▶ TASK OBJECTIVE: Each line from the one with "بیماری قدیمی آماده" through the final line of the entries below must be printed exactly, and the pictures must not be.

[Crawled caption data]
--------------------
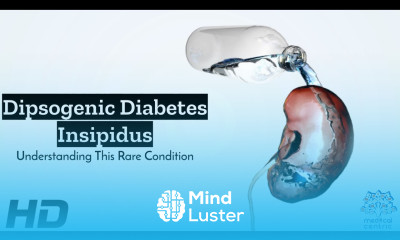 Dipsogenic Diabetes The Endless Thirst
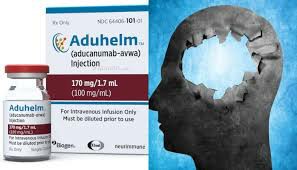 阿杜卡努单抗（Aducanumab）治疗阿尔茨海默症的疗效
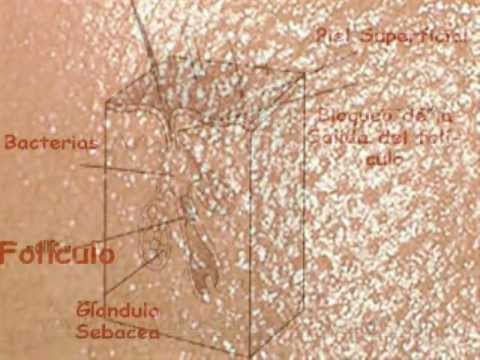 Como se forman las espinillas - Que es el acne - Como acabar con tu acne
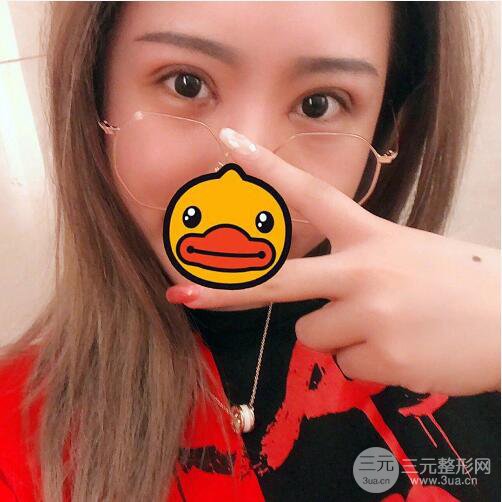 西安爱丁丁合军双眼皮整形案例日记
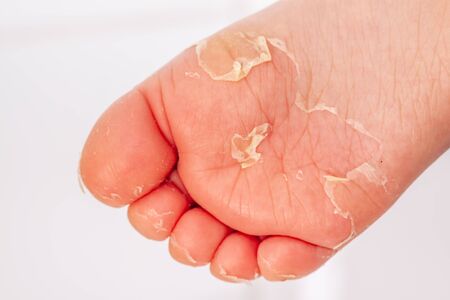After the red rash and the strawberry tongue caused by scarlet fever the affected skin often peels - Here Skin of foot peelingの写真素材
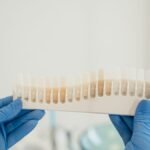 The Benefits of Porcelain Veneers for Teeth Alignment Issues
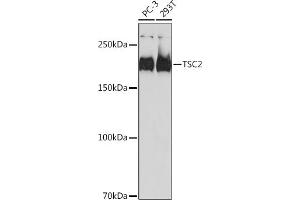 Western blot analysis of extracts of various cell lines, using TSC2 antibody (ABIN7271027) at 1:1000 dilution. (Tuberin antibody)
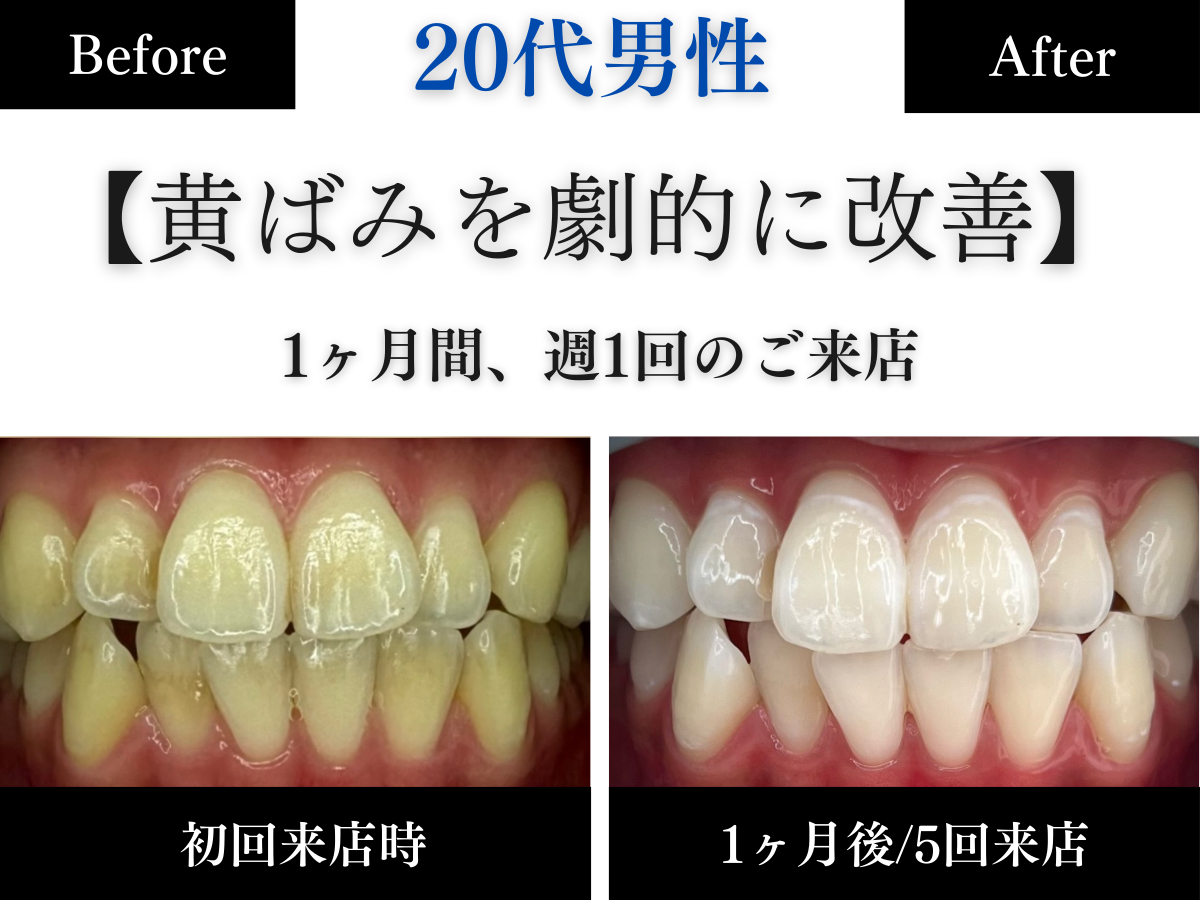 ホワイトニングセンター長野駅前店の医療提携ホワイトニングで1ヶ月で黄ばみが劇的に改善した20代男性のビフォーアフター写真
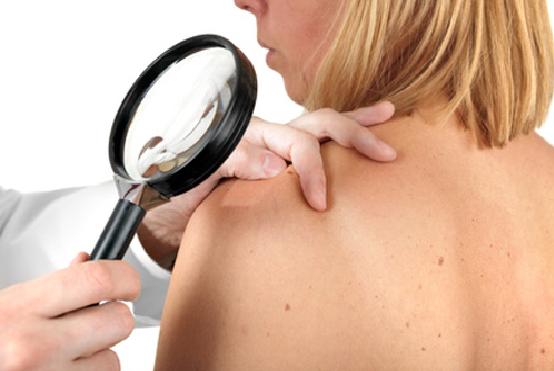 Melanoma: ogni anno colpisce 2.260 under 40. Serve più prevenzione!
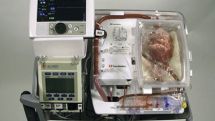 Surgeons transplant heart that had stopped beating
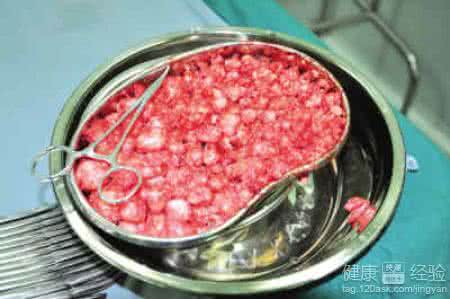 三味中药治黄褐斑 三味中药便可轻松击溃子宫肌瘤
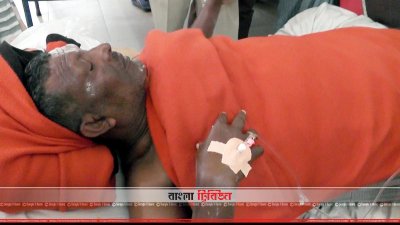 সিলিন্ডারের আগুনে দগ্ধ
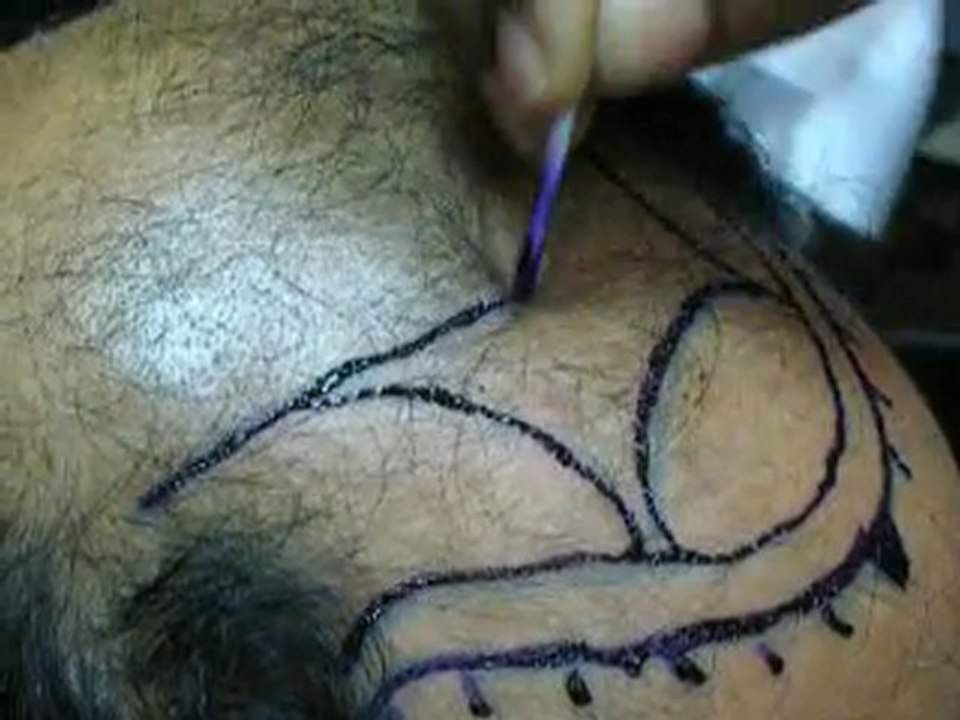 Frontal hairline Marking - hair transplant clinic Pakistan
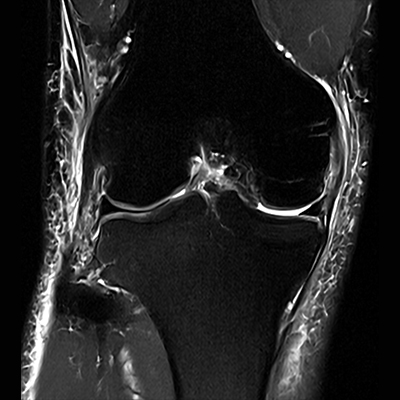 膝のMRI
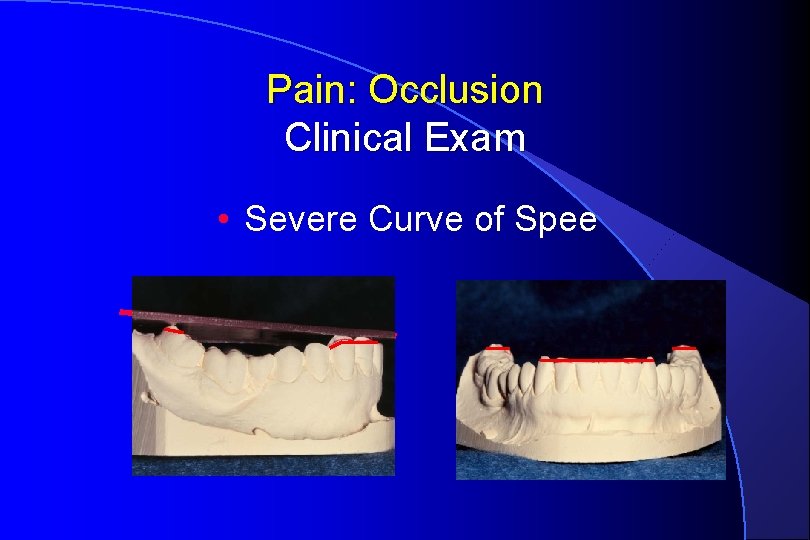 Pain: Occlusion Clinical Exam • Severe Curve of Spee 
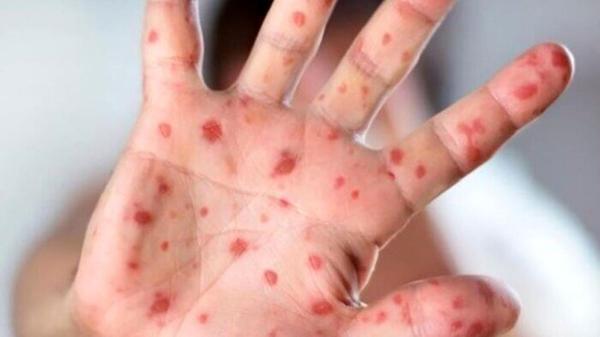 آماده باش در ژاپن در پی شیوع مجدد یک بیماری قدیمی آماده باش در ژاپن در پی شیوع مجدد یک بیماری قدیمی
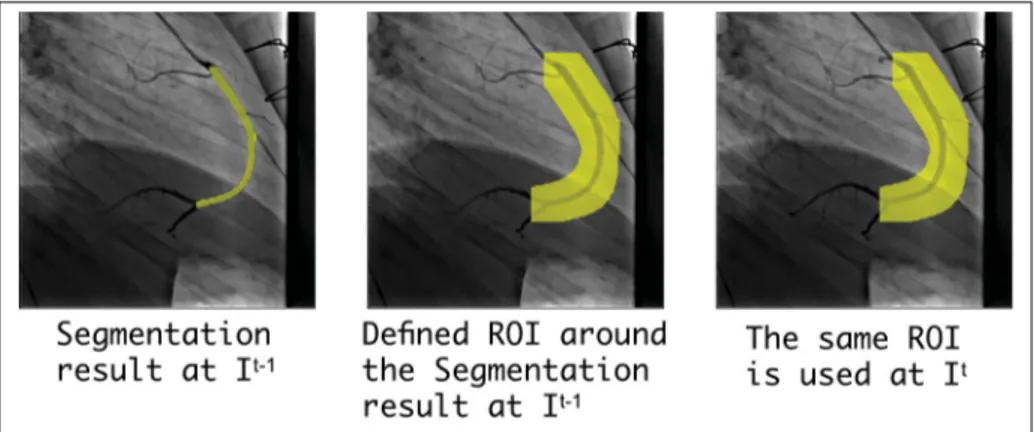 Figure 4.8 The deﬁned region of interest (ROI) for sink nodes selection.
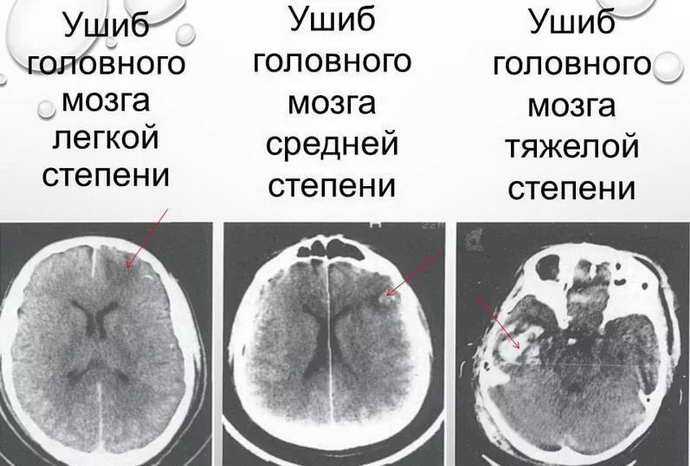 Сотрясение головного мозга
--------------------
▶ SOLVED PROBLEM:
 آماده باش در ژاپن در پی شیوع مجدد یک بیماری قدیمی آماده باش در ژاپن در پی شیوع مجدد یک بیماری قدیمی
 Figure 4.8 The deﬁned region of interest (ROI) for sink nodes selection.
 Сотрясение головного мозга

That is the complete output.